Financial markets across Asia-Pacific plummeted while global oil benchmarks skyrocketed beyond $114 per barrel on Monday, as escalating military actions between the US-Israel coalition and Iran triggered severe supply disruption fears through the critical Strait of Hormuz.

The weekend witnessed intensified airstrikes targeting Iranian energy infrastructure, including key oil depots, coinciding with Iran’s announcement of Mojtaba Khamenei as successor to his father Ali Khamenei as Supreme Leader—solidifying hardliner control amid the ongoing conflict.

Brent crude futures surged 24% to $114.74, while Nymex light sweet crude jumped over 26% to $114.78 during Asian trading hours. Equity markets mirrored the panic: Japan’s Nikkei 225 collapsed 7%, South Korea’s Kospi triggered circuit breakers after plunging 8%, while Hong Kong’s Hang Seng and Australia’s ASX 200 dropped over 3% and 4% respectively.

The crisis stems from the effective closure of the Strait of Hormuz—a maritime chokpoint typically handling 20% of global oil shipments—where transit has virtually ceased since hostilities commenced last week. Energy analysts now warn that prolonged disruption could drive prices toward historic highs exceeding $150 per barrel if the situation persists through March.
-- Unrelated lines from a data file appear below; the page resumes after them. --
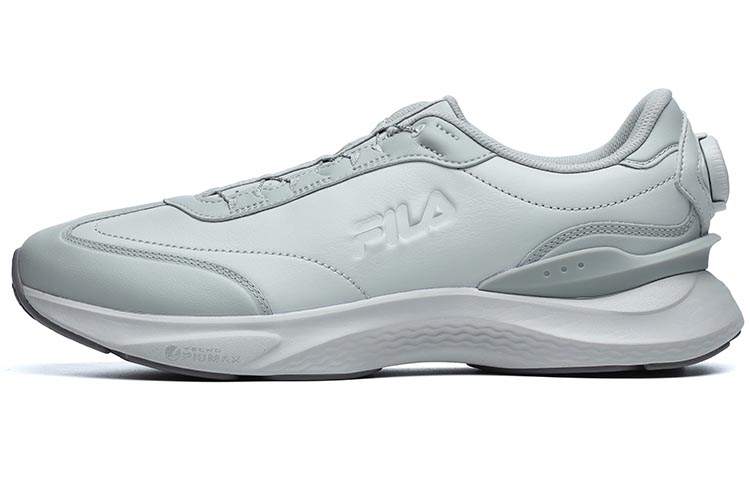 FILA Energy Lu Synthetic Leather Low top Casual Running Shoes Men's Lunar Rock Gray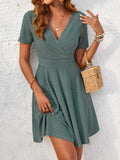 Eyelet Short Sleeve Mini Dress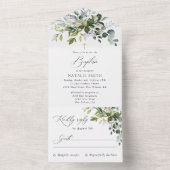 Greenery, Eucalyptus Leaves, Boho, Baptism All In One Uitnodiging (Binnen)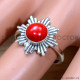 Coral 925 Sterling Silver Ring (SJWR-2075) Coral 925 Sterling Silver Ring (SJWR-2075)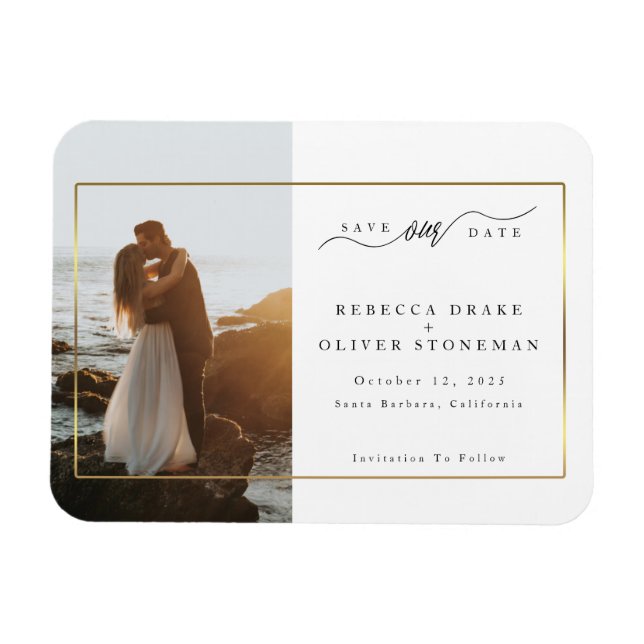 Magnet Flexible Elégant Cadre Or Photo Mariage Enregistrer La Date (Horizontal)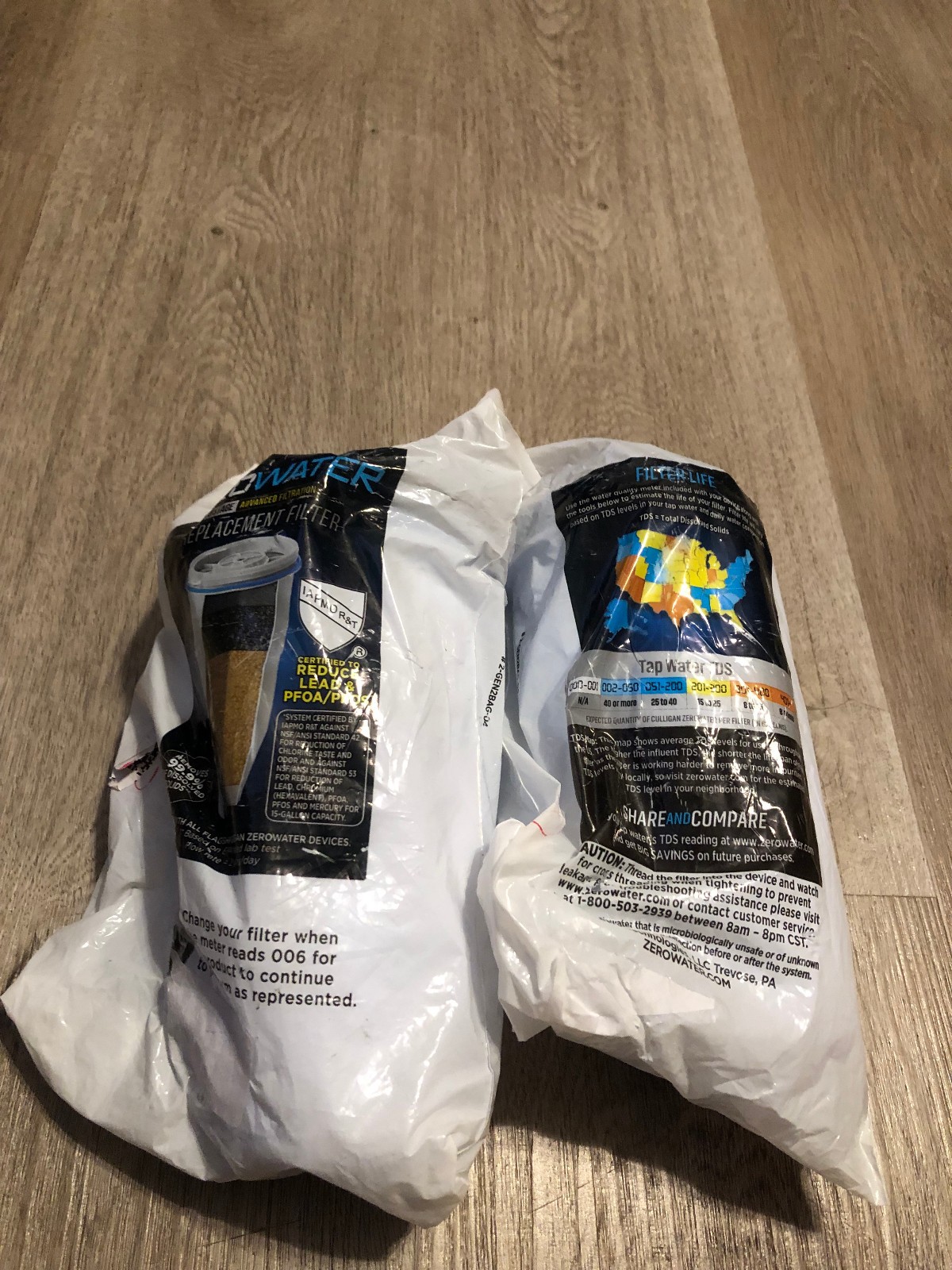 Lot of 2 Loose ZeroWater Replacement FiltersAdvanced 5-Stage 2-GEN2BAG-04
Adnan Mazarei of the Peterson Institute for International Economics noted, ‘Markets are realizing this conflict won’t resolve quickly. Production halts in Gulf states and escalating infrastructure damage suggest sustained supply constraints.’ The price surge is already radiating through energy derivatives, elevating jet fuel and fertilizer production costs globally.

While Asian nations consume most Gulf oil exports, early indications show redirected LNG tankers from the Atlantic toward Asia as buyers scramble for alternatives. US President Donald Trump defended the price increases as a ‘small price to pay’ for addressing Iran’s nuclear ambitions, though domestic pressure mounts over rising fuel costs.